▸ **Exercise description**
The part below that opens with the line containing "Causes of vitiligo: why" and closes with the line containing "Men's Beard laser hair removal treatment" should be copied exactly, minus any pictures.

Web page caption snippets
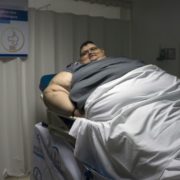 Найважчий чоловік у світі, що схуд на 330 кг, вперше за два роки показав, який має вигляд – фото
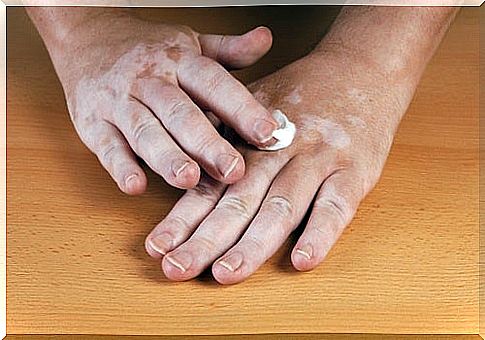 Causes of vitiligo: why it appears and how to eliminate it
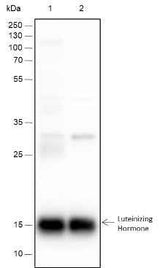 Anti-Human/Rat/Mouse Luteinizing Hormone beta Antibody [A289]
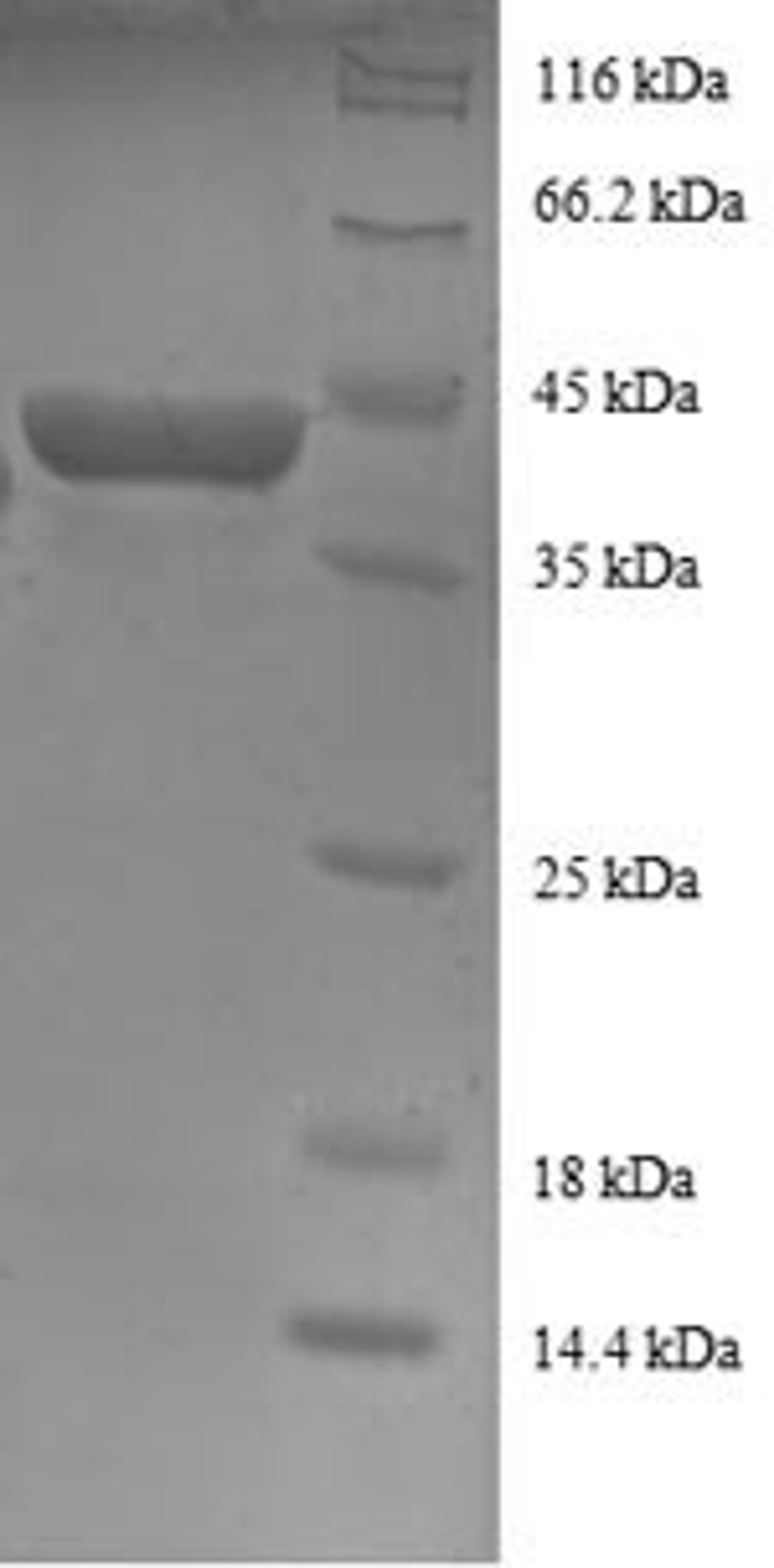 (Tris-Glycine gel) Discontinuous SDS-PAGE (reduced) with 5% enrichment gel and 15% separation gel.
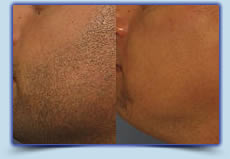 Men's Beard laser hair removal treatment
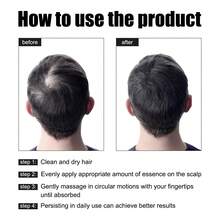 Hair Loss Products - 1 - View 7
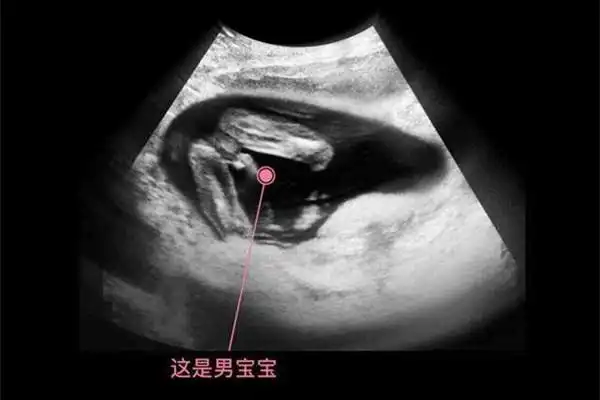 脊柱呈串珠样排列是男孩女孩 脊柱看男女的技巧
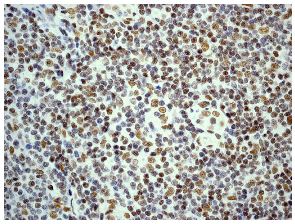 Immunohistochemistry (Formalin/PFA-fixed paraffin-embedded sections) - Anti-DN-7 antibody [EPR5266] - BSA and Azide free (AB248418)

▸ **Exercise result**
 Causes of vitiligo: why it appears and how to eliminate it
 Anti-Human/Rat/Mouse Luteinizing Hormone beta Antibody [A289]
 (Tris-Glycine gel) Discontinuous SDS-PAGE (reduced) with 5% enrichment gel and 15% separation gel.
 Men's Beard laser hair removal treatment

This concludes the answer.